Financiamento público e privado das eleições
Como, então, garantir eleições verdadeiramente democráticas e limpas?
É claro que é preciso mudar o sistema eleitoral. Entretanto, o sistema eleitoral não existe por obra e graça do Espírito Santo. Ele é filho legitimo do próprio sistema econômico e político existente na sociedade, isto é, o capitalismo. Basta observar que em todas as democracias burguesas, bilhões são gastos nas eleições e a classe capitalista, dona do capital, termina controlando os governantes.
Os EUA, principal país capitalista do mundo e considerados como a democracia burguesa mais avançada do Planeta, é também onde mais se gasta dinheiro nas eleições: somente na eleição presidência deste ano, estima-se que serão gastos mais de US$ 1,5 bilhão.
Mitt Romney, candidato a presidente do Partido Republicano, tem entre seus principais financiadores os bancos Goldman Sachs, JP Morgan, Morgan Stanley Bank of America, Crediti Suisse Group e o conglomerado Koch Industries, que atua em petróleo, agropecuária, financeira, minérios, etc. Até agosto, a campanha já tinha arrecadado US$ 546 milhões (R$ 1,1 bilhão). Em troca desse apoio e com o pretexto de incentivar a economia, Romney defende eliminar os impostos para os mais ricos, cortar os programas sociais de assistência à saúde de idosos e crianças e ampla liberdade de ação para o capital financeiro.
Também Barack Obama, candidato à reeleição pelo Partido Democrata, segundo estudo do Center for Responsive Politics, arecada um terço do dinheiro de sua campanha no setor financeiro.
Diante desse quadro, alguns defendem que basta fazer uma reforma eleitoral e substituir o financiamento privado das eleições pelo financiamento público. Porém, mesmo nos países onde existe o financiamento público, o financiamento privado legal ou ilegal termina prevalecendo.
Vejamos o caso da França. Em 29 de fevereiro de 1993, o país aprovou a Lei para a prevenção da corrupção e da transparência, com o objetivo de controlar os partidos, candidatos e o uso de dinheiro nas eleições. Dentre as várias regras, a lei estabelece que as doações feitas aos candidatos são públicas, sendo proibidas doações de cassinos e de procedência estrangeira; que a prestação de contas é obrigatória, com a elaboração de balanços por parte de candidatos e partidos e discriminação das receitas recebidas por origem e despesas por natureza.

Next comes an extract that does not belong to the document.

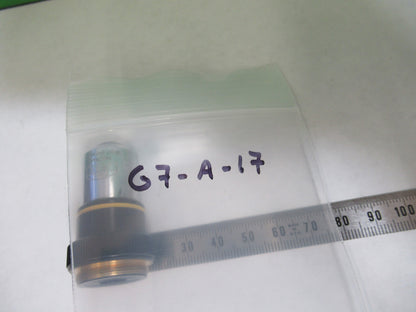 CARL ZEISS 10X /160 LENS OBJECTIVE OPTICS MICROSCOPE PART AS PICTURED &G7-A-17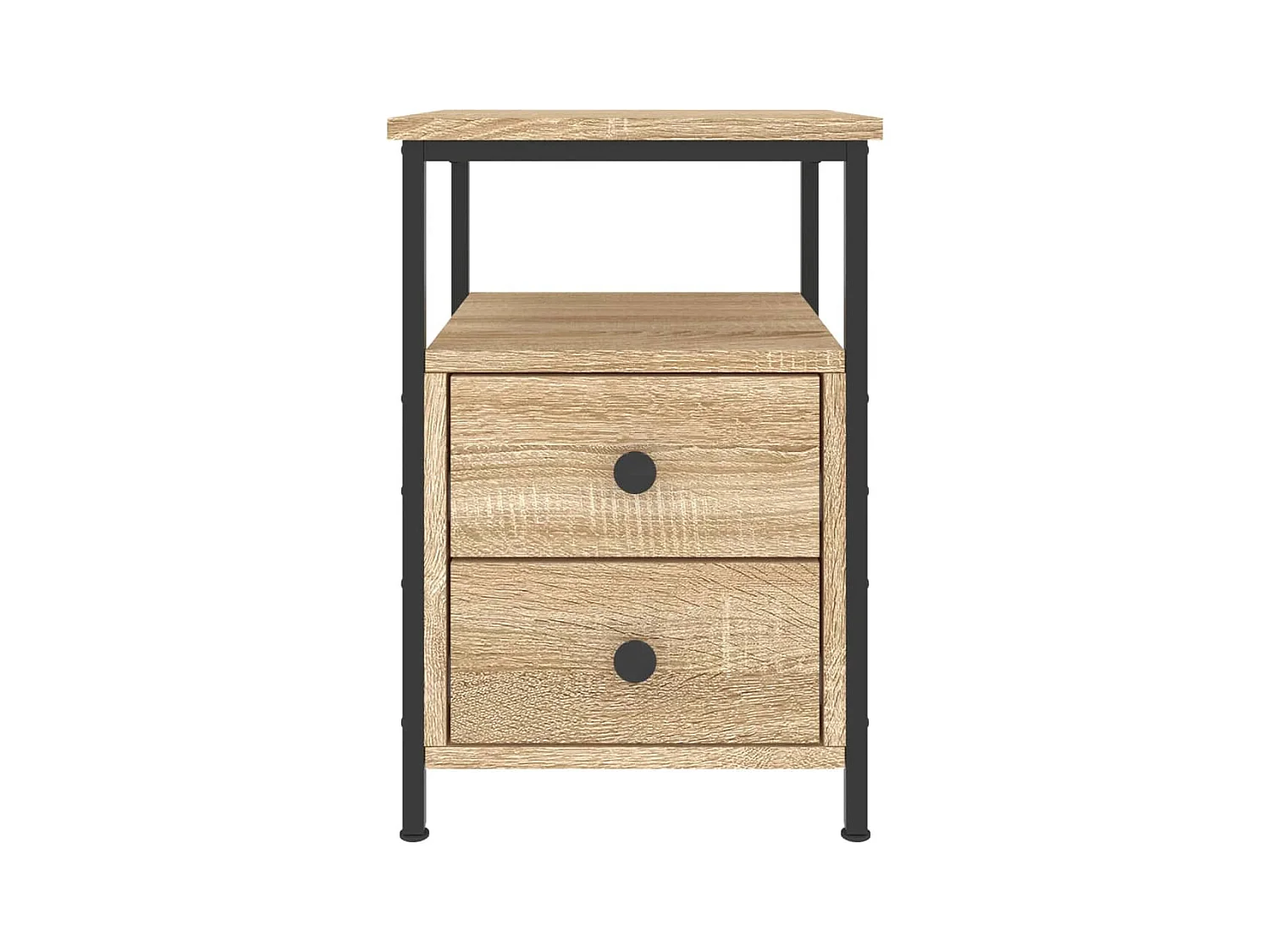 Winter Springs  Tables de chevet 2pcs chêne sonoma 34x35,5x50cm bois ingénierie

Contudo, como ficou provado, o ex-presidente Nicolás Sarkozy desrespeitou a lei, e recebeu recursos ilegalmente da dona da L’Oréal, Liliane Bettencourt, para sua campanha eleitoral. Segundo a investigação em andamento, Liliane Bettencourt recebia proteção do governo para sonegar somas milionárias de impostos e em troca dessas vantagens tributárias entregava envelopes com dinheiro a membros do partido e ao próprio Sarkozy em jantares em sua mansão. Entretanto, devido à imunidade que tinha como presidente, só após deixar o cargo Sarkozy está sendo investigado.
Antes dele, o ex-presidente Jacques Chirac foi condenado a dois anos de prisão por ter criado postos de trabalho fictícios na Prefeitura de Paris e usado o dinheiro para sua campanha presidencial, mas, por conta da idade avançada, não cumpriu a pena.

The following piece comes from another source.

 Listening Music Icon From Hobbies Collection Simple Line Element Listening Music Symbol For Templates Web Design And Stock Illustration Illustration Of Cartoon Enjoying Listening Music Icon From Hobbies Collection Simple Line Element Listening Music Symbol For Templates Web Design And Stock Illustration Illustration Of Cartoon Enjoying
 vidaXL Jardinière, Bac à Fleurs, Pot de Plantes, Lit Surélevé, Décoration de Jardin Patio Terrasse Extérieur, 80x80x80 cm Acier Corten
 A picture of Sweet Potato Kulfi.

Na Inglaterra, em 2006, o governo de Tony Blair foi denunciado por vender cargos no parlamento e títulos de lordes em troca de um empréstimo de 20 milhões de euros do empresário Gulam Noon para a campanha eleitoral do Partido Trabalhista. Noon recebeu o título de lorde após o empréstimo, mas com o escândalo sua nobreza foi suspensa.
O poder econômico
Como vemos, tanto nos EUA, na França e na Inglaterra, países de democracia burguesa e que possuem financiamento público de campanha, a corrupção e a manipulação das eleições pela classe rica determinam o jogo eleitoral. Trata-se de algo natural para um sistema egoísta cujo princípio maior é de quem tem riqueza tem o poder de escolher os governantes que a protejam e a façam frutificar. Em outras palavras, no século XXI, a democracia burguesa continua sendo “uma democracia limitada, amputada, falsa e hipócrita, um paraíso para os ricos e um engano para os explorados e para os pobres” (Lênin, A Revolução Proletária e o Renegado Kaustky). Ainda mais, hoje, quando todo esse processo é amparado por uma poderosa máquina de propaganda dos meios de comunicação controlados por monopólios e pelos institutos de pesquisas, a serviço daqueles que têm dinheiro para contratá-los com o único objetivo de manipular a opinião popular.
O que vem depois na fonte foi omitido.